To the Editor:
In his recent letter to the editor, “Notre Dame: a lesson for Yale football,” (12/3), Gary P. Fernando ’03 was wrong to assert that Yale should follow Notre Dame’s lead and fire head football coach Jack Siedlecki. Indeed, the only lesson for the Yale community to learn from Notre Dame’s reactionary firing of their head football coach, Tyrone Willingham, is that realism must temper passion when evaluating the relative success of a college football team.

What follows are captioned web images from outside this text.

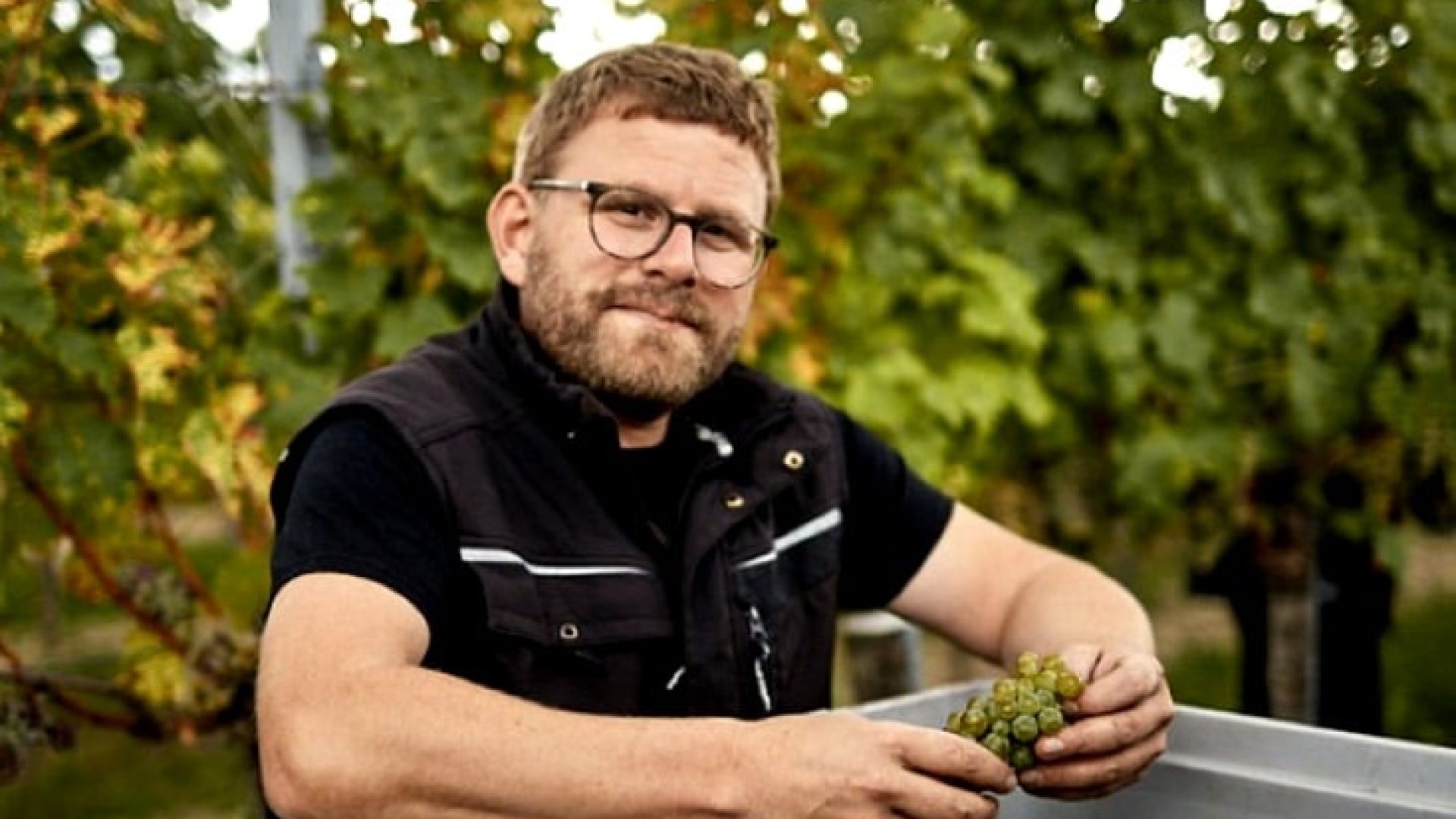 Kremstal: Käse im Kopf?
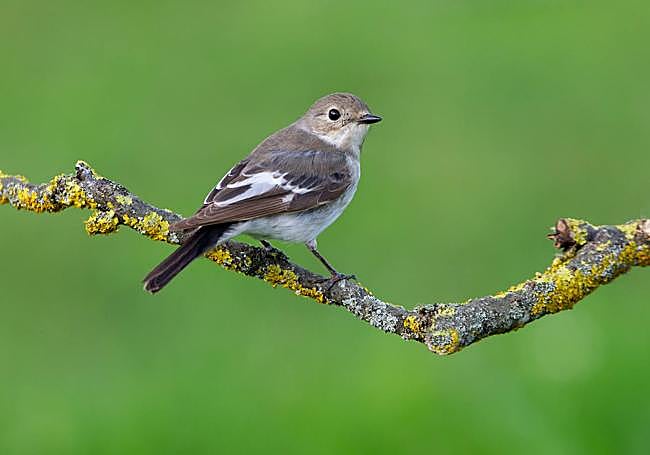 Papamoscas cerrojillo.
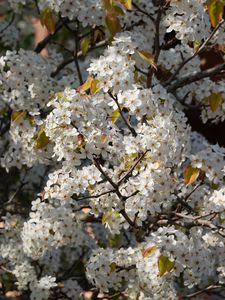 Preview wallpaper bird cherry, flowers, branches, white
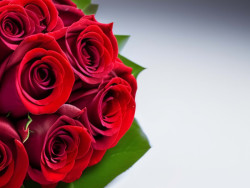 vecteezy_rose-rose-background-rose-bouquet-concept-of-valentine-s_16558253_6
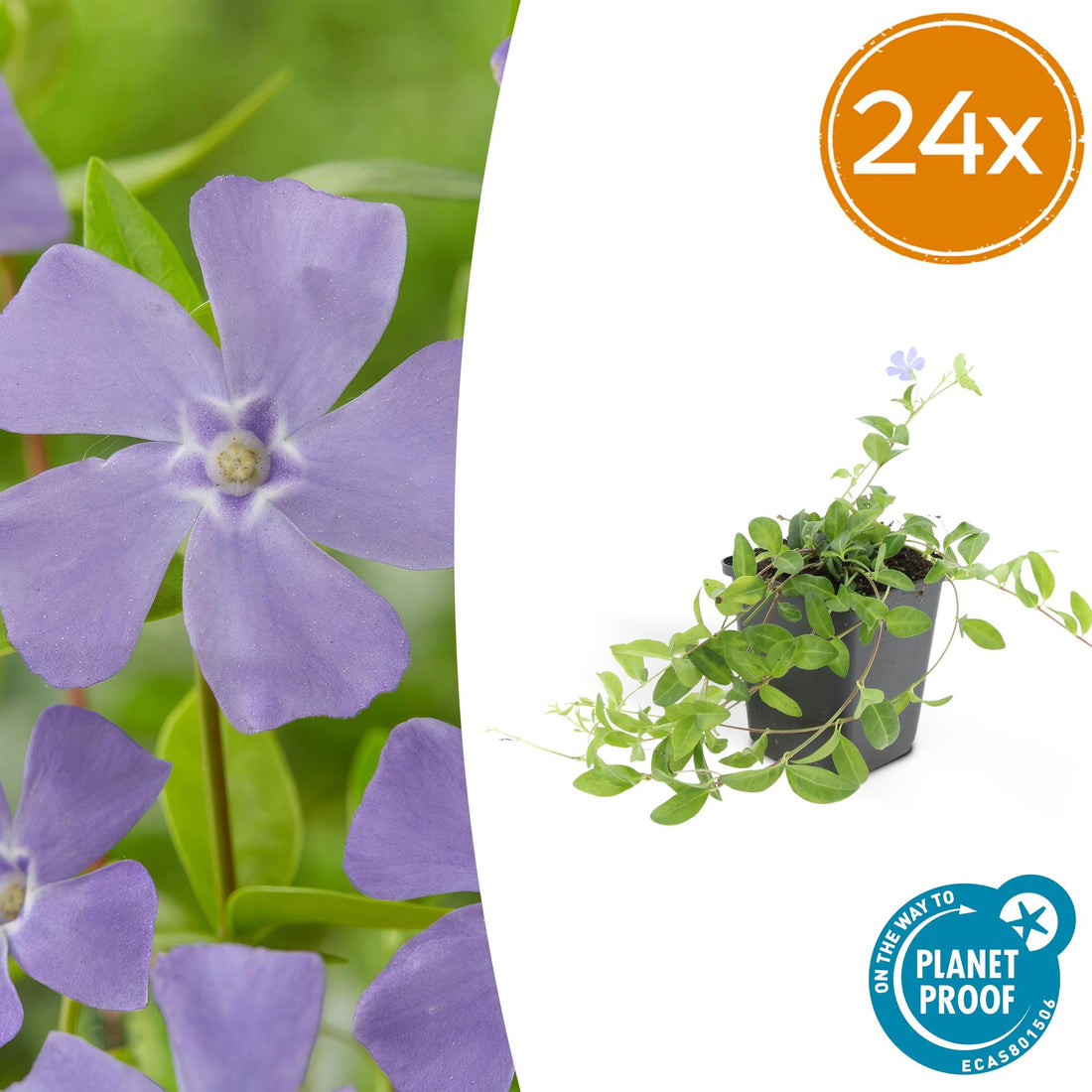 24x Vinca minor &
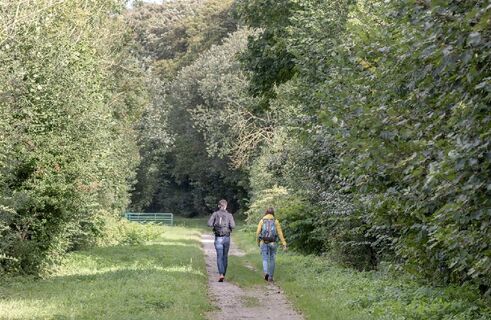 Auf der Traverse von Ponthieu
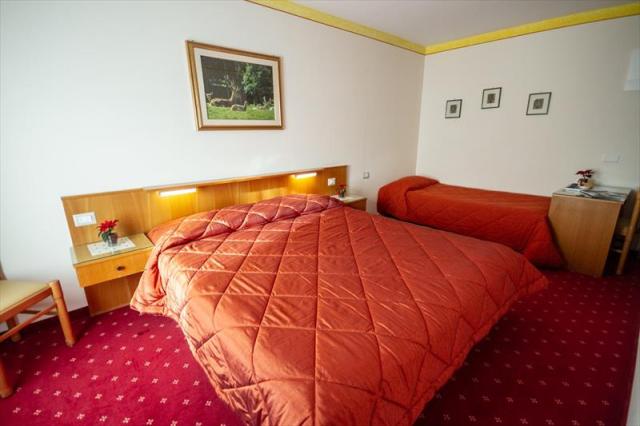 9stella_alpina_predazzo_8_10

Despite what PlayStation 2’s John Madden football game would lead Mr. Fernando and others to believe, winning is difficult. As any intercollegiate athlete or coach could attest, nothing guarantees victories and no one man controls a team’s fate. Mr. Fernando calls on Athletic Director Tom Beckett to “right the ship.” Well, that is precisely what Mr. Beckett did in 1996 when he hired Coach Siedlecki. In just three short years, Coach Siedlecki guided Yale’s ship from choppy waters to an Ivy league championship. His offensive scheme, which was often criticized this fall, has shattered nearly every offensive record established during the preceding 120 years of Yale football. During his tenure, his overall record stands at 44-35, which is particularly commendable considering a 1-9 campaign his first year.
Could the team have preformed better this year? Sure. The players and coaches readily admitted that throughout the season. Is there anyone better to lead Yale football this coming year and beyond than Coach Siedlecki? Absolutely not. The recent firing of Tyrone Willingham at Notre Dame was wrong. By firing Willingham, Notre Dame’s administration demonstrated only their ignorance about the competitive realities of contemporary college football. Today, I am relieved to know that it is only Mr. Fernando — and not Mr. Beckett — who has subscribed to the short-sighted lessons echoing from the hallowed halls of Notre Dame.
Peter Mazza ’01
Dec. 3, 2004
The writer is a former captain of the Yale football team.